Google is now working to introduce new open-source API and web features that will help increase the impact of web applications and bridge the gap between those and web apps, the company recently revealed. More directly, the search giant is looking to move beyond the native-like capabilities of WebAssembly and web wrappers like Cordova or Electron, by finding new ways to allow web developers to access native resources. That includes enabling access to native hardware functionality such as providing "file system access, idle detection, and more." The exact purpose and consequences of that access on a given web app experience will vary from app to app but the underlying goal is to move web-based gaming, productivity, and creation software, with each running both smoothly and universally.

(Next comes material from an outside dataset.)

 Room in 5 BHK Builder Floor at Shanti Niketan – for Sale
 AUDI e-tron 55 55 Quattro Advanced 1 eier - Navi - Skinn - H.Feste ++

At the same time, the company wants to enable more capability – pointing specifically to modern web games and productivity or communication web apps such as Sketchup and AutoCAD or WebRTC, which are built on WebAssembly and service worker foundations. Another example of that can be found in Google's own Squoosh application, which enables rapid real-time photo and image editing and format conversions online or off while maintaining a smooth user experience. However, the new capabilities will almost certainly go much further, building on the powerful offline capabilities of apps like Squoosh with additions like writable file API, Web Share Target, Async cookies, Wake Lock, WebHID, and more. The first of those is currently the most complete and allows for event alarms, web-based editors, and other use cases in a native fashion without the massive overhead ordinarily associated with native software.
Background: In short, the search giant is looking to expand the latest innovations in web development into web browsers themselves while also extending the capabilities of web applications. All of that, according to the company, will help enrich the lives of users and the opportunities available to developers. But the news isn't necessarily arriving out of nowhere. Prior to this, the company has spent a substantial amount of resources and effort in preparing its browser for precisely these types of changes. Those have taken the form of new best practices guidelines, optimizations to the Chrome browser, and other steps taken to gradually increase the speed and overall performance of Chrome. Beyond that, it has additionally made efforts to reduce the overall forbearance of Chrome's UI, implemented new API for better fullscreen support, and made other tweaks to ensure that websites can already – at least outwardly – act like applications.
Impact: The new capabilities will allow users to have web-based experiences that enable interactions much more similar to those experienced with a smartphone app or software installed on a more traditional computer. That's good news for many internet users but could have the biggest impact on Chrome OS users, given the still somewhat lacking functionality in terms of software that a not-insignificant number of users still need. For example, full photo editing applications could become a possibility, as could other creative tools and editors that are not yet up-to-expectations on the platform. Moreover, such web apps would almost certainly lend themselves to filling out another Google OS that's currently under development. With that said, none of the new features are quite finished yet, there's no guaranteed timeframe for any of this to be implemented, and there are still concerns about privacy to address as well. In the meantime, Google is looking for feedback now and throughout the process, with new projects appearing in the Chromium bug database under the tag 'proj-fugu'.